Le competenze di cui parliamo servono per realizzare il duplice obiettivo quello del massimo profitto, dall’utilizzo dei dati personali e quello della garanzia dei diritti del soggetto dei cui dati si tratta.

Il diritto alla protezione dei dati personali è, dunque, anche un diritto collettivo che è alla base della società dell’informazione e della sicurezza nazionale ed è, quindi, un diritto che dobbiamo difendere ogni giorno.

Difendere i diritti alla protezione dei dati personali significa difendere la sovranità dello Stato.

Il mondo digitale tende, per sua natura, alla creazione di un enclave per influenzare i nostri comportamenti anche se questo comportamento non costituisce un fatto nuovo.

Storicamente la sovranità dello Stato veniva attaccata con le armi, successivamente con battaglie economiche o coi dazi ed ora con l’utilizzo dei dati personali.

E’ questa la ragione per la quale il dibattito sul 5G si fa sempre più importante.

Oggi gran parte delle informazioni sono legate all’uso degli smartphone che svelano cosa diciamo, dove siamo e cosa facciamo e nel breve futuro svelerà anche le nostre emozioni.

Di fronte a siffatta tecnologia la domanda che dobbiamo farci è: “è ancora possibile un effettivo controllo delle informazioni che immettiamo più o meno consapevolmente sulla rete?”.

Diciamo subito che il controllo totale non è possibile, ma è certo e doveroso allestire un sistema di misure il più possibile adeguate ad un cyberspazio in continua evoluzione.

Per una maggiore tutela occorrerebbe pensare ad una “piattaforma normativa” di carattere intercontinentale, con tutte le immaginabili difficoltà di un simile accordo “planetario”.

Attualmente non possiamo che rilevare che il problema della sicurezza è primario sia per la sovranità dello Stato che per quella delle aziende.

Ecco allora che diventa essenziale, nelle attività di ciascuno di noi, la sicurezza informatica o cyber security.

Il panorama nazionale sulla cyber security sta cambiando velocemente, ma molte aziende non sentono ancora la necessità di affrontare il tema.
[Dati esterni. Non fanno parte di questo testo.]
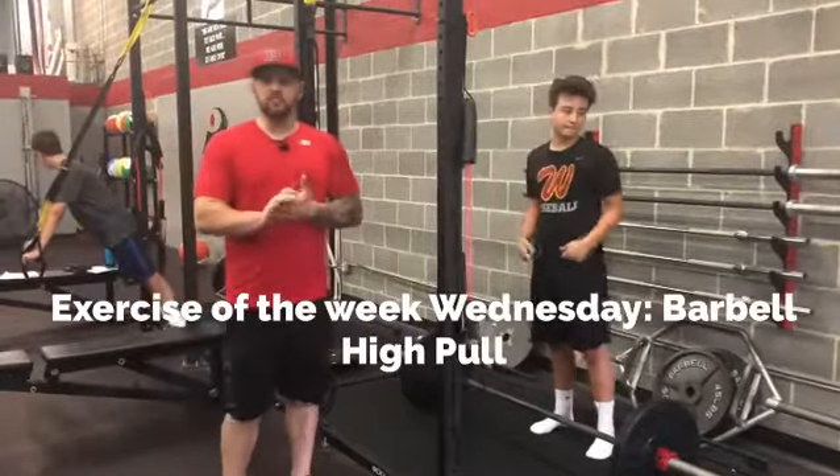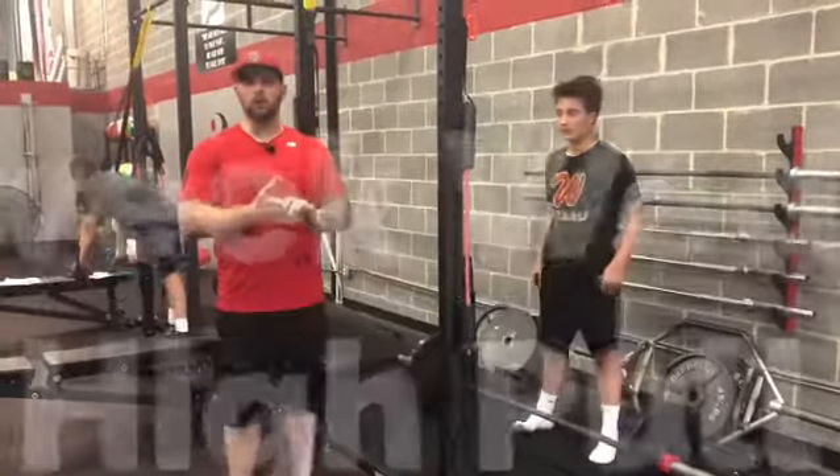Hey everyone, welcome to exercise of the week. Today's exercise is the barbell high pull.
Purtroppo si rendono conto dell’importanza della sicurezza solo quando subiscono l’attacco hacker che le costringe a “bloccare” l’attività aziendale per diverse ore, se va bene, diversamente per intere giornate lavorative.

Altrettanto può dirsi per i cittadini che avvertono il problema solo quando l’attacco informatico paralizza le attività pubbliche della giustizia, delle banche, delle poste o dei trasporti.

Proteggere il proprio sistema informatico non deve essere, dunque, considerato un costo, ma un vantaggio economico che permette di mantenere i livelli di produzione programmati e quindi inalterato il costo della produzione o del servizio.

Bisogna ricordare che i cyber criminali sono così esperti che per ogni attacco adottano tecniche sempre più evolute per cui anche la sicurezza informatica dovrà essere sempre più sofisticata e per fare questo occorre avvalersi di professionisti formati e, quindi, dotati di primarie competenze.

Un dirigente adeguatamente formato salva l’azienda dagli attacchi hacker con fruttuose ricadute economiche.